PDA

View Full Version : Variable kickdown performance



RugbyPete
09-02-2007, 11:47 AM
I notice the kick down is sometimes better at times than others. Is there a reason for this?

After my 280 mile run last night and many overtaking manouvers the kickdown was fiesty and the car really responsive, however tootling along today at about 50, i went to overtake a jcb and didnt have the same sort of oomph. Is this something to do with the intelligent auto-box?

Kieran
09-02-2007, 11:53 AM
If it's a UK-Spec car, kickdown works in two ways. One is that you floor the accelerator and the car usually chucks just one gear out - IE it will go from 4 into 3 but not into two, even if it's got the revs to.

Stage-II kickdown can be missed - basically, when you've got the accelerator to the floor, press harder. There's a button under the accelerator that feels like the pedal stop but it's not - that's the 'Maximum Power' kickdown button.

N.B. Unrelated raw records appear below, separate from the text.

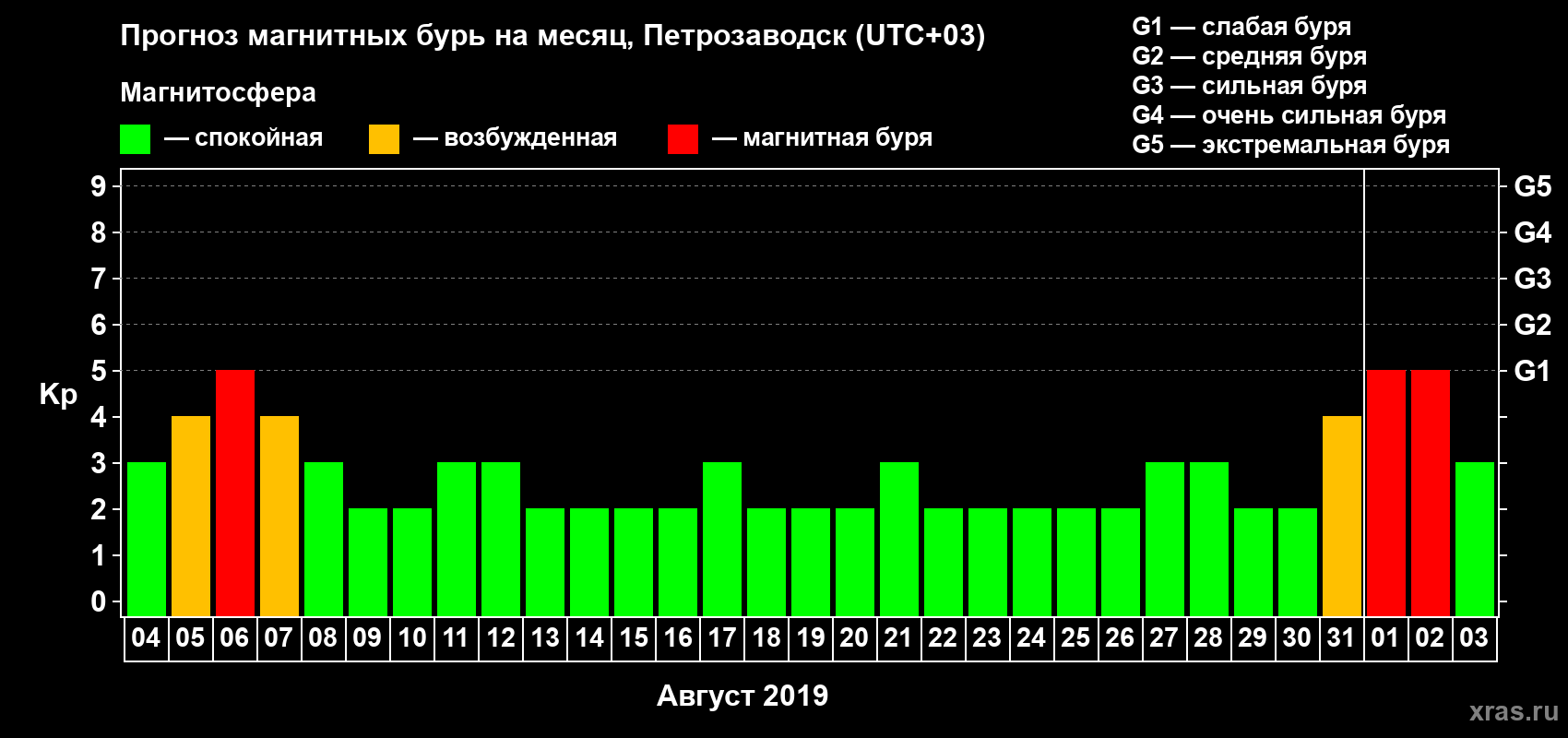 Прогноз максимального суточного геомагнитного индекса Kp на <b>1 месяц</b> (31 день) <b>с 04 августа по 03 сентября 2019 г</b>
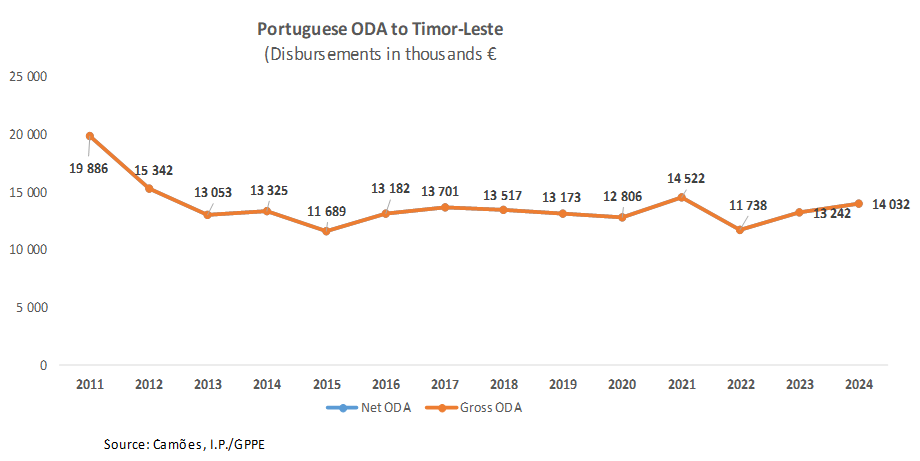 APD EN TL Fig01 2025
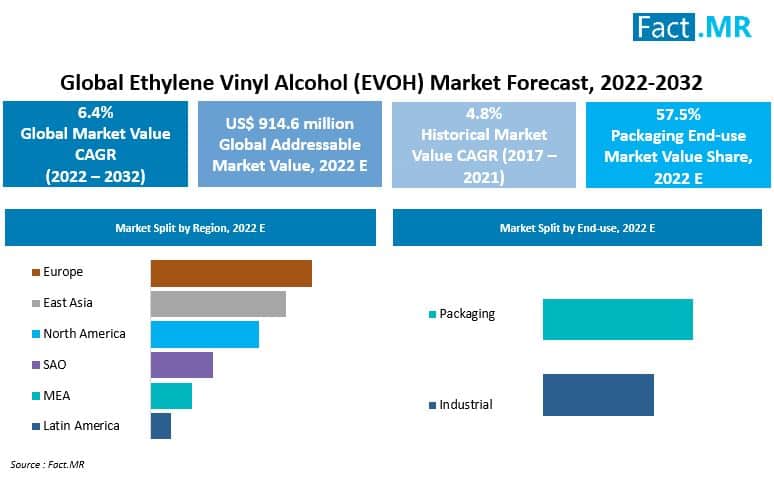 Ethylene vinyl alcohol evoh market forecast by Fact.MR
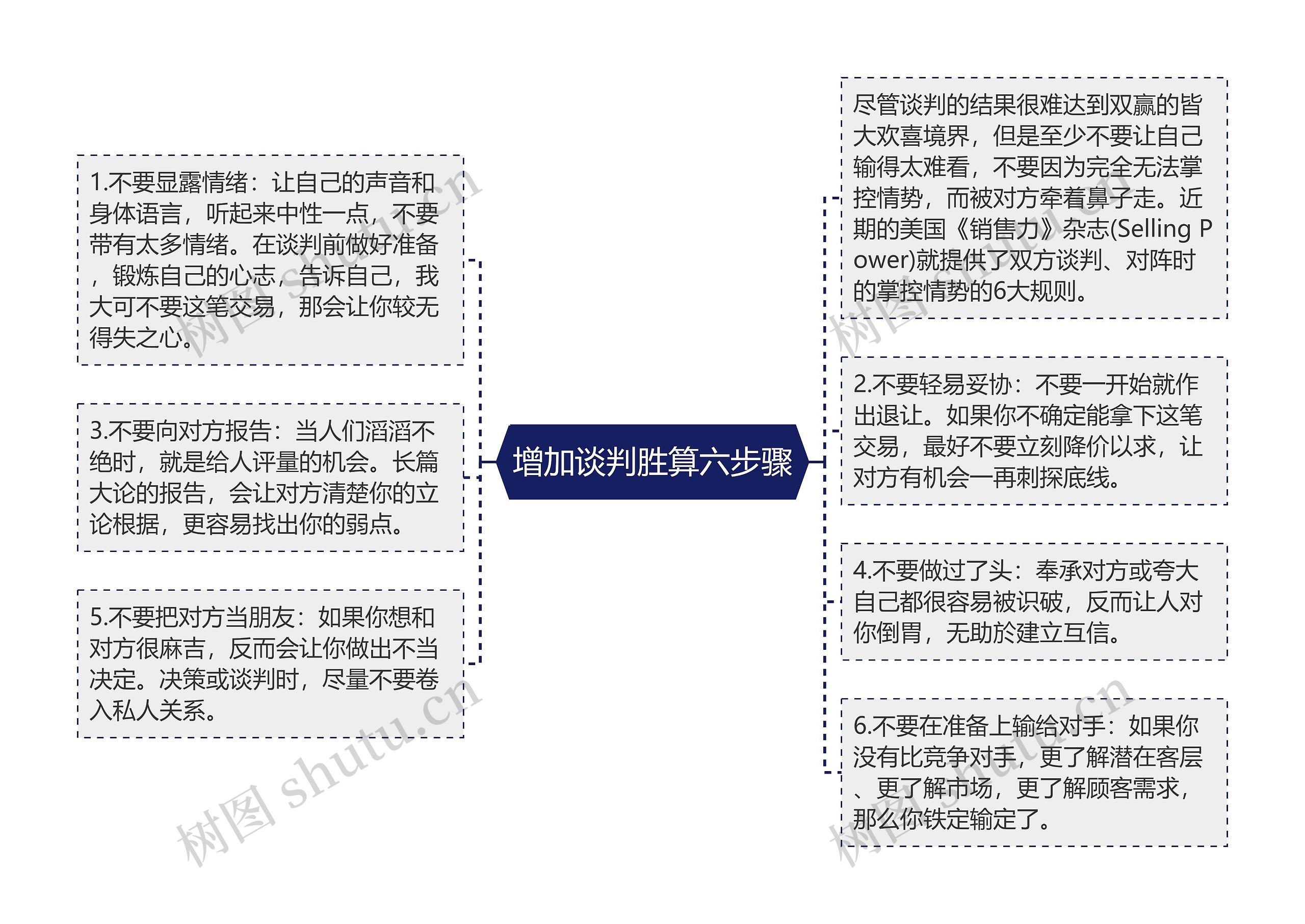 增加谈判胜算六步骤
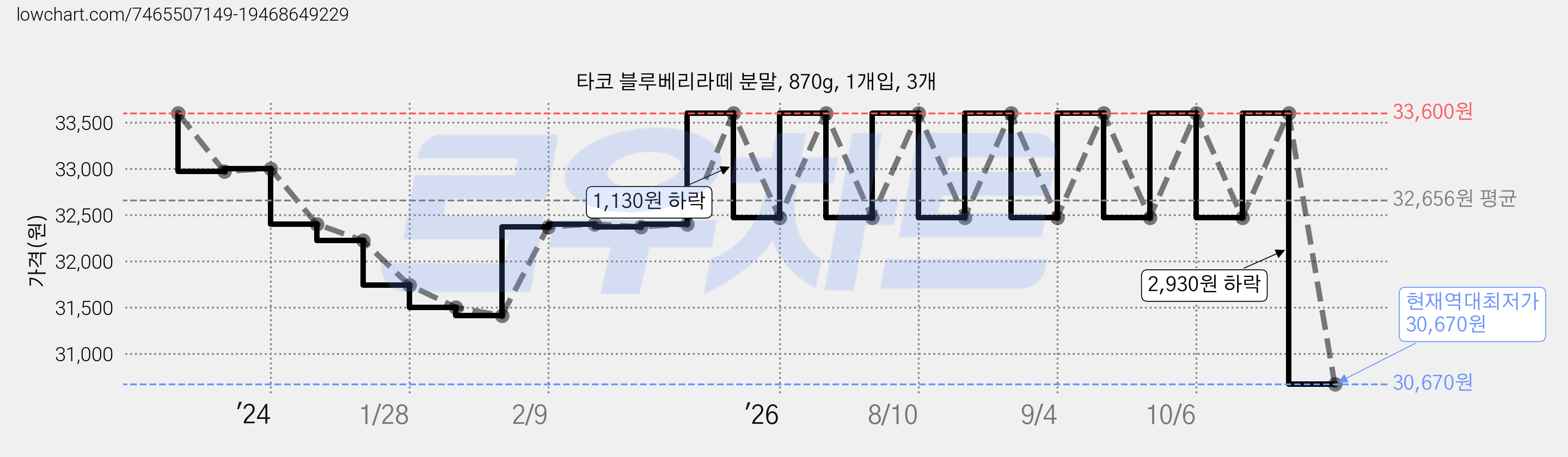 타코 블루베리라떼 분말, 870g, 1개입, 3개 가격 변동 차트, 현재가 30,670원, 역대최저가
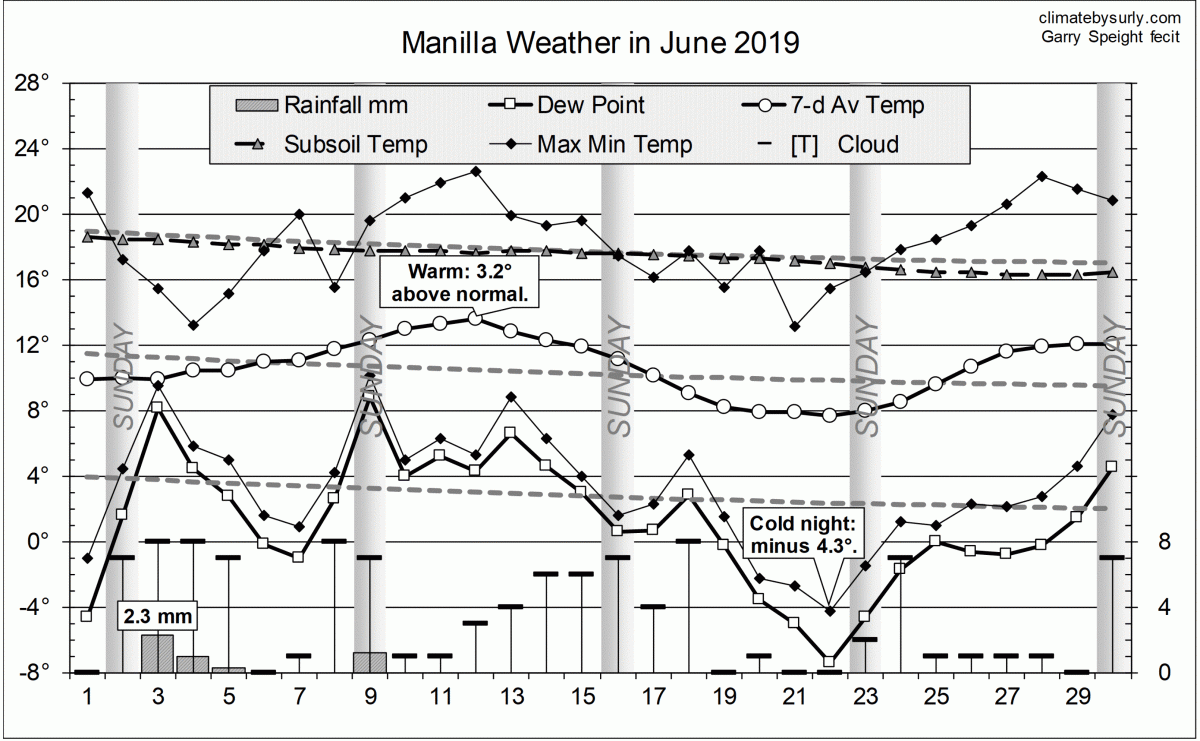 Weather log June 2019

It sounds odd but Mitsubishi decided it was a good idea - and having had a UK-Spec automatic and my VR-4 (also automatic) I think it is too. You see, the VR-4 will kick down as far as possible when you floor it, but sometimes I just want accelerate briskly without revving the rods off the engine.

RugbyPete
09-02-2007, 12:58 PM
Ah, thats not a pedal stop, i see now... wil ltry it later, i guess thats not a bad thing to have, the golf vr6 wheelspins you into a hedge if you're not careful

I-S
09-02-2007, 06:09 PM
It is also the nature of the learning gearbox. If you've been poddling along at 50 like you said, using gentle throttle excursions then it will be hesitant to kick down. If you've been driving harder, accelerator, brake then it will be more likely to hang on to a lower gear.

It is also influenced by terrain. Going up a hill it's quicker to drop a gear, going down it will drop a gear for engine braking if you back off the throttle, etc.

bradc
10-02-2007, 02:55 AM
Isaac and Kieran are right, it is due to the gearbox, however it is due to this reason that I always drive the car in tiptronic mode, at least that way you can guess what the auto box will do, and when it will do it.

g_rath
18-02-2007, 10:55 AM
I am only new and I dont know a hell of a lot about these cars but arent the Auto gb's based on a "fuzzy logic" AI learning system? Im just giving a term to what you have all just said. Someone told me that this was designed to learn the individual driving style of the user, hence if you were to jump into someone elses car with the same gb it would feel different in its up and down shifts dependant on the difference between driving styles?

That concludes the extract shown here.